* _What is needed_
Can the lines below, from the one that holds "51-Piece 2B Mechanical" to the very end, be echoed exactly, with both ends included and no pictures?
────────────────────────────────────────
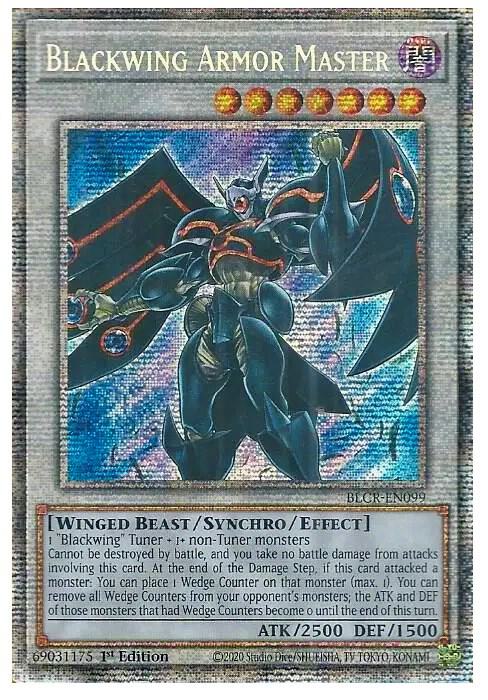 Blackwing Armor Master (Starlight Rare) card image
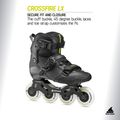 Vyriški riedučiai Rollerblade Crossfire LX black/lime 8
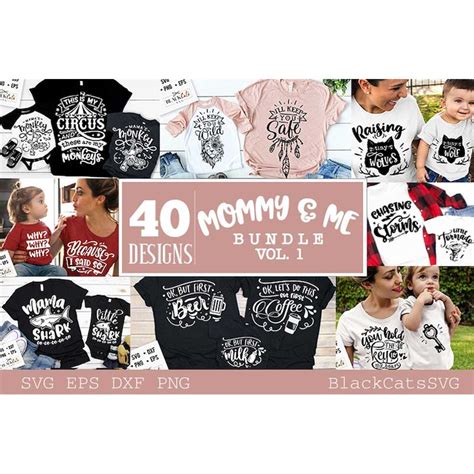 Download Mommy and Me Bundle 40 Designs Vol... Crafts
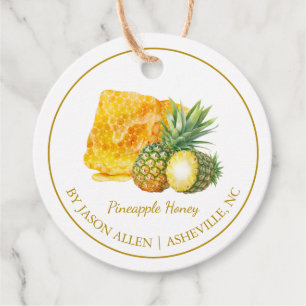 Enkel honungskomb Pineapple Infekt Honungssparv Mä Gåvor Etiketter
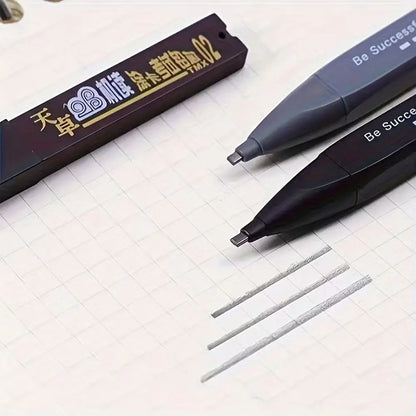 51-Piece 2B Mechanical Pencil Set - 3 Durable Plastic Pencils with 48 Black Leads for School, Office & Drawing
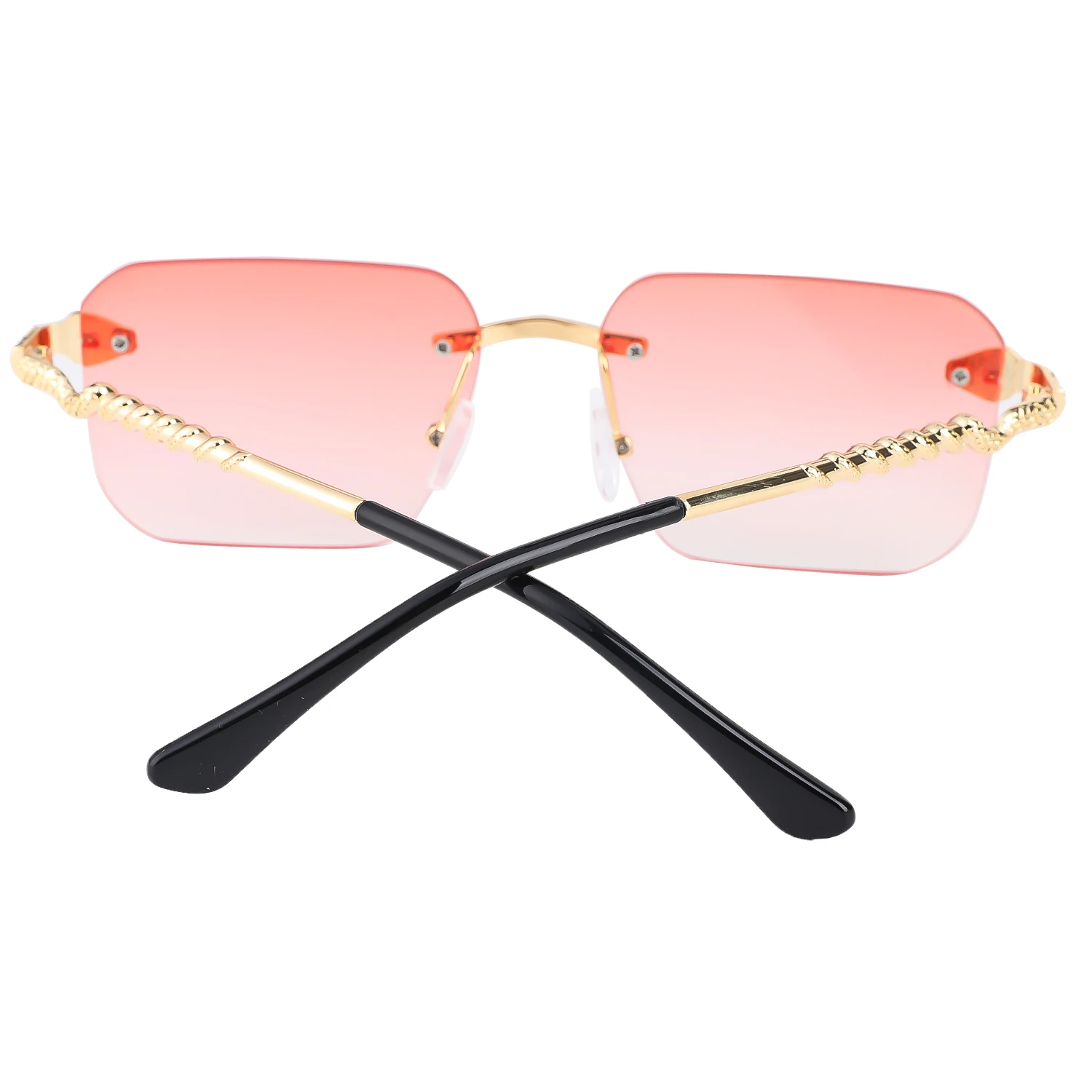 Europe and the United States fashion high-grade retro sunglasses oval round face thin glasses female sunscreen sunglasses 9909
────────────────────────────────────────
* _Solution to this exercise_
 51-Piece 2B Mechanical Pencil Set - 3 Durable Plastic Pencils with 48 Black Leads for School, Office & Drawing
 Europe and the United States fashion high-grade retro sunglasses oval round face thin glasses female sunscreen sunglasses 9909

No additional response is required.